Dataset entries
....

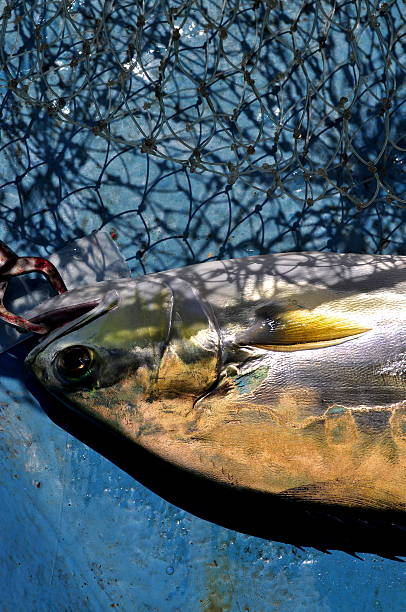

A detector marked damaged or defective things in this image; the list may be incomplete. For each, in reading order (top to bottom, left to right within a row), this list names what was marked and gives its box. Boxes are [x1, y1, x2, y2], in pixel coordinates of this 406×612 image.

rusty metal hook [0, 240, 67, 334]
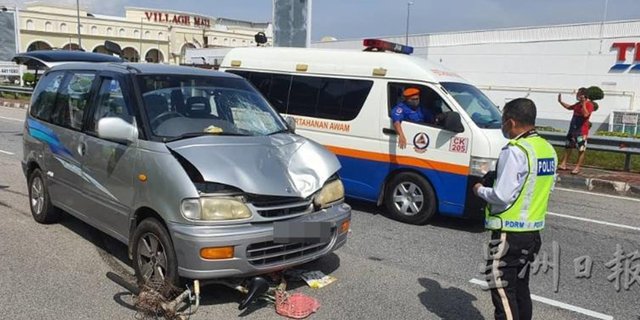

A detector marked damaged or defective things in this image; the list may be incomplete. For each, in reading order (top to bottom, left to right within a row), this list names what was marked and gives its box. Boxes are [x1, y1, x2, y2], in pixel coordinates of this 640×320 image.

crumpled car hood [168, 134, 342, 198]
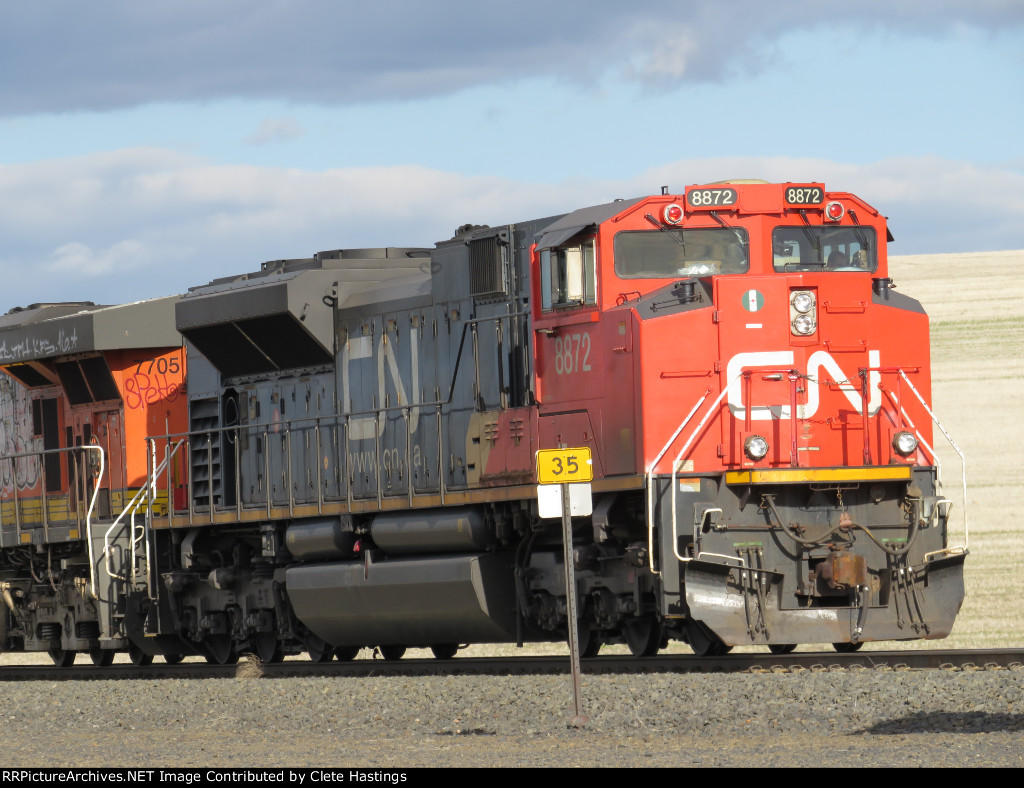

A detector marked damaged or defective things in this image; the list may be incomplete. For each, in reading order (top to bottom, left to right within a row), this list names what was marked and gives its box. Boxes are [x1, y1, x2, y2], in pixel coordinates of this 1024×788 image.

rust on locomotive body [0, 180, 962, 663]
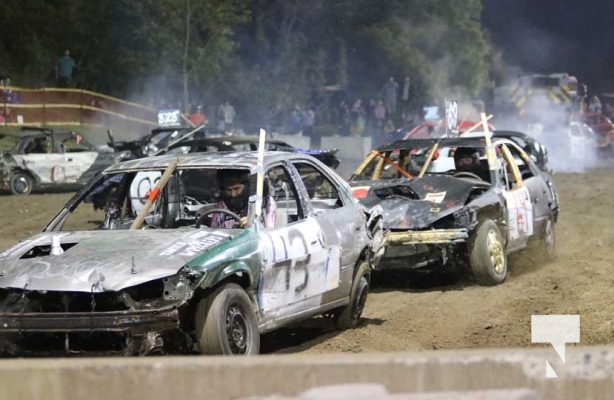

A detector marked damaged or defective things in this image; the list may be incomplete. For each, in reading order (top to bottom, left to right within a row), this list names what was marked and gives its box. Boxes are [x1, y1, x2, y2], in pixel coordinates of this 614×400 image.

crumpled car hood [364, 174, 488, 228]
crumpled car hood [0, 228, 236, 294]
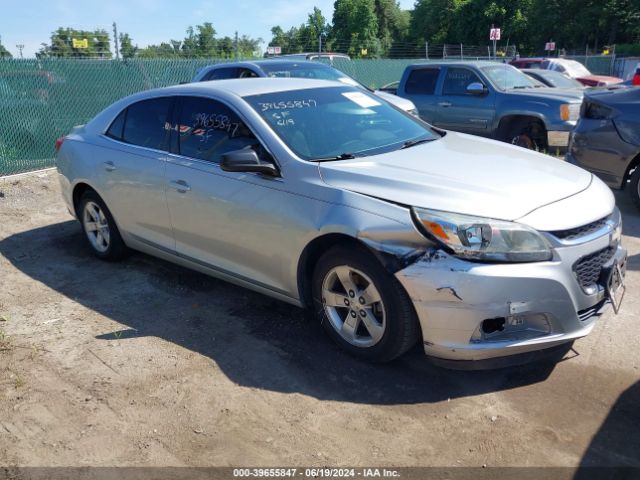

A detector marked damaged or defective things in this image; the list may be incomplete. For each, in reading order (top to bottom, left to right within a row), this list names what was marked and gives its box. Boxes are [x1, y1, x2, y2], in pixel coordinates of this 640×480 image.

cracked headlight [412, 207, 552, 262]
front bumper damage [392, 220, 628, 364]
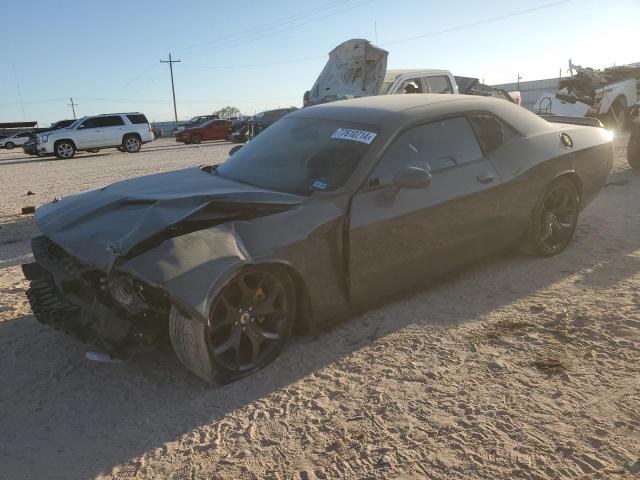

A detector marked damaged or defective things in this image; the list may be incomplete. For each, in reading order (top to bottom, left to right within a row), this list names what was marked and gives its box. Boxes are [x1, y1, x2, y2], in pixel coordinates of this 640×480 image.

crumpled hood [306, 38, 390, 106]
wrecked vehicle [304, 39, 520, 107]
wrecked vehicle [536, 62, 636, 129]
front tire with exposed rim [53, 141, 75, 159]
front tire with exposed rim [122, 134, 141, 153]
crumpled hood [35, 166, 302, 270]
wrecked vehicle [22, 95, 612, 384]
front tire with exposed rim [520, 177, 580, 258]
damaged front end [22, 235, 170, 356]
broken headlight area [24, 236, 171, 356]
front tire with exposed rim [172, 266, 298, 382]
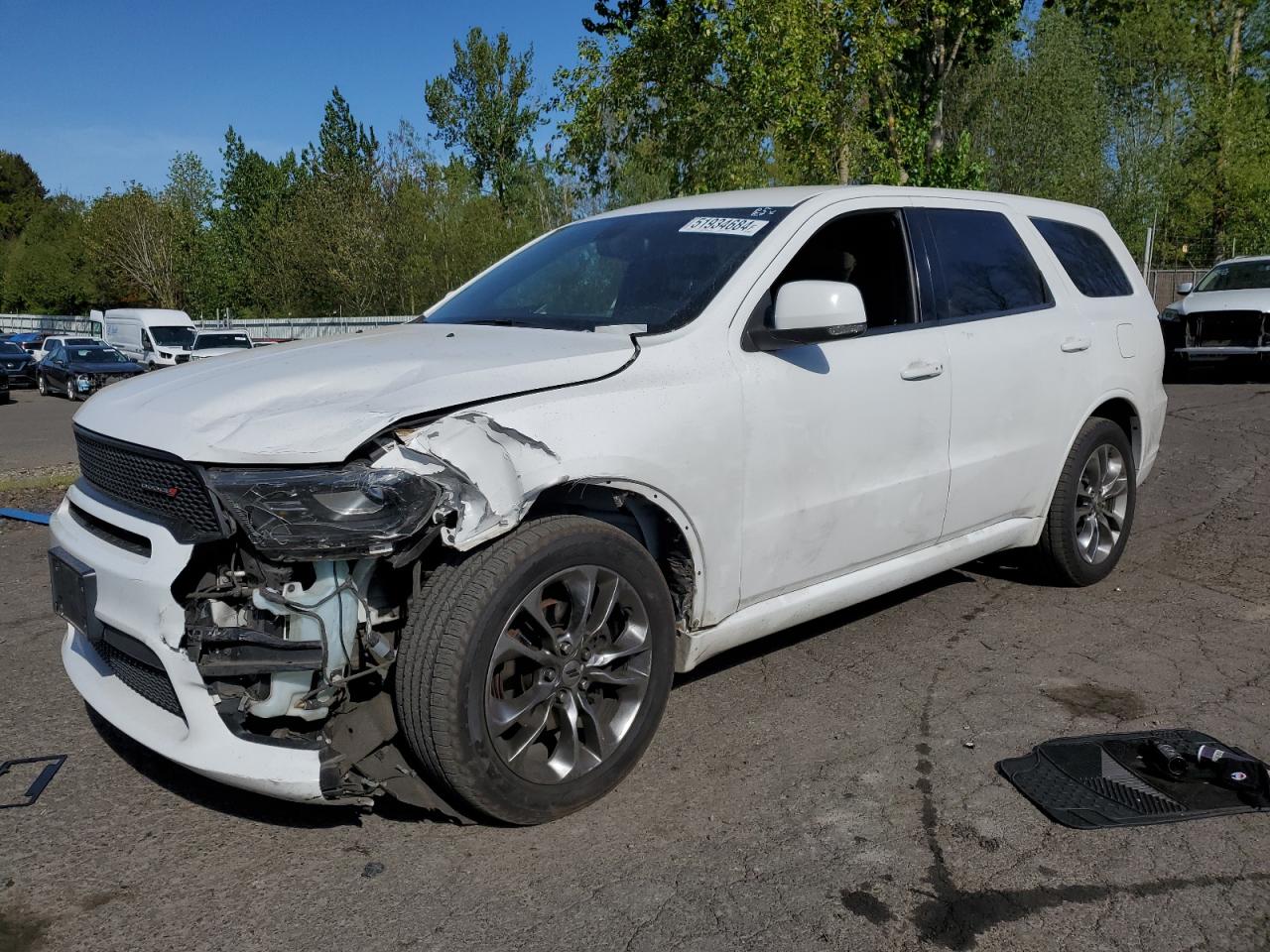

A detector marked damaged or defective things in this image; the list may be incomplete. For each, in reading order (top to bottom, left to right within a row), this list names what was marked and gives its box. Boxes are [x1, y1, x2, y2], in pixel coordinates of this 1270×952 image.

dented hood [69, 324, 635, 467]
damaged headlight area [205, 467, 439, 563]
missing headlight [207, 467, 442, 563]
damaged white suv [52, 183, 1168, 822]
cracked pavement [2, 383, 1270, 952]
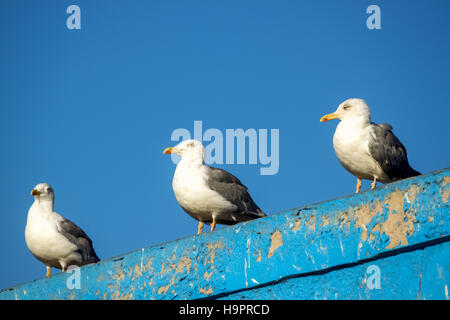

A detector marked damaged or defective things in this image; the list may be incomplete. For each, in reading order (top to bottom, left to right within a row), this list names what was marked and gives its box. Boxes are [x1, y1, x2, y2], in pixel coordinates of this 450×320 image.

peeling blue paint [0, 168, 448, 300]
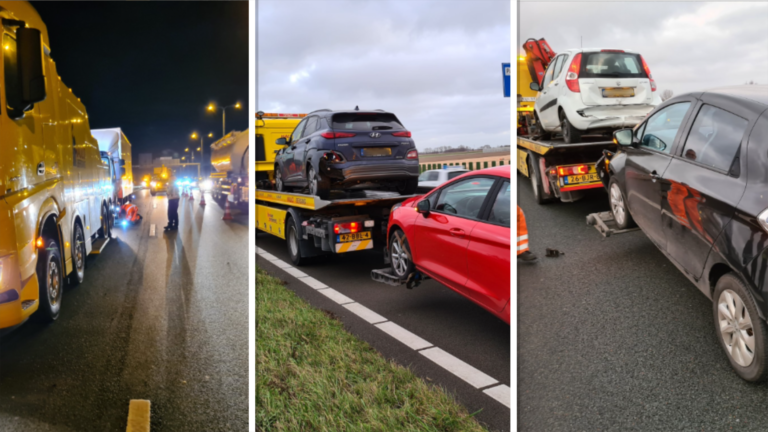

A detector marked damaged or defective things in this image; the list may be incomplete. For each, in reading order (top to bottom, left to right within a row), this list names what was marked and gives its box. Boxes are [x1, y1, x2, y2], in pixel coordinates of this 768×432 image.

damaged vehicle [532, 48, 664, 143]
damaged vehicle [272, 109, 420, 201]
damaged vehicle [596, 86, 768, 384]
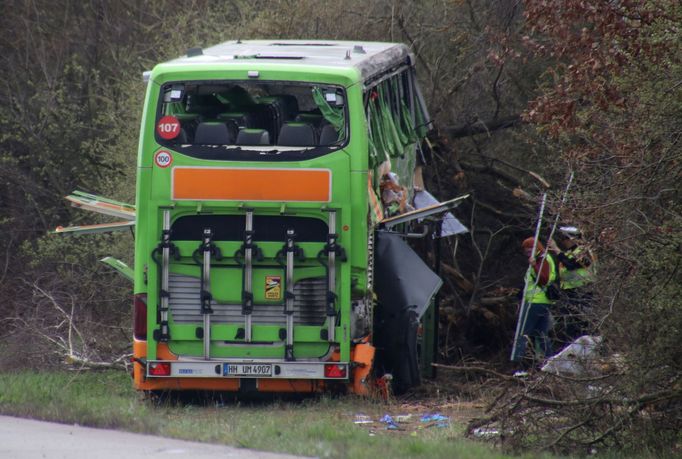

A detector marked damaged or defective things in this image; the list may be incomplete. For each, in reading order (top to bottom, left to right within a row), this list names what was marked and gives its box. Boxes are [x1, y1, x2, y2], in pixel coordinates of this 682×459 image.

crashed double-decker bus [58, 40, 464, 396]
damaged bus roof [145, 40, 412, 84]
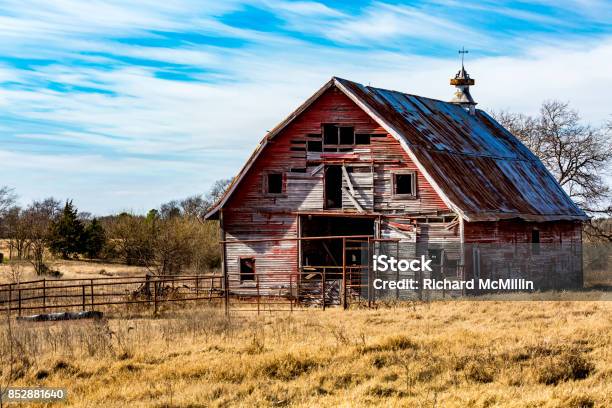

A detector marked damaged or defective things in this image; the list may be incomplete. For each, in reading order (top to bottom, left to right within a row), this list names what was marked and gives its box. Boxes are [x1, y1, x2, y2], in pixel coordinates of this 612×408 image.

rusted metal roof panel [334, 77, 588, 222]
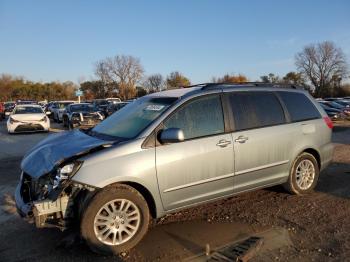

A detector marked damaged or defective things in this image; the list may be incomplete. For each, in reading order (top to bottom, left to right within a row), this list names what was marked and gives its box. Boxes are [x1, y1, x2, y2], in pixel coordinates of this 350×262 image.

crumpled hood [20, 129, 113, 178]
broken headlight [53, 161, 82, 189]
damaged front bumper [15, 172, 95, 229]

....

Activity:
Beginning with the line containing "this 682×459 image." and ending with the last line of the data, output those lines exactly and nothing more. Omit every picture.

Response to the task:
A detector marked damaged or defective things in this image; the list may be incomplete. For each, in reading order (top to bottom, left to right within a row), this list names what was marked and gives its box. Boxes are [x1, y1, x2, y2], in pixel coordinates of this 682×459 image.

crashed double-decker bus [58, 40, 464, 396]
damaged bus roof [145, 40, 412, 84]

A detector marked damaged or defective things in this image; the list may be incomplete. For each, in reading order (top to bottom, left to right within a row), this list names what was marked and gives its box. Boxes are [x1, y1, x2, y2], in pixel coordinates of this 612×408 image.

rusted metal roof panel [334, 77, 588, 222]

A detector marked damaged or defective things in this image; the list may be incomplete. For each, in reading order (top to bottom, left to right within a row), this list names what was marked and gives its box. Boxes are [x1, y1, x2, y2], in pixel coordinates of this 350×262 image.

crumpled hood [20, 129, 113, 178]
broken headlight [53, 161, 82, 189]
damaged front bumper [15, 172, 95, 229]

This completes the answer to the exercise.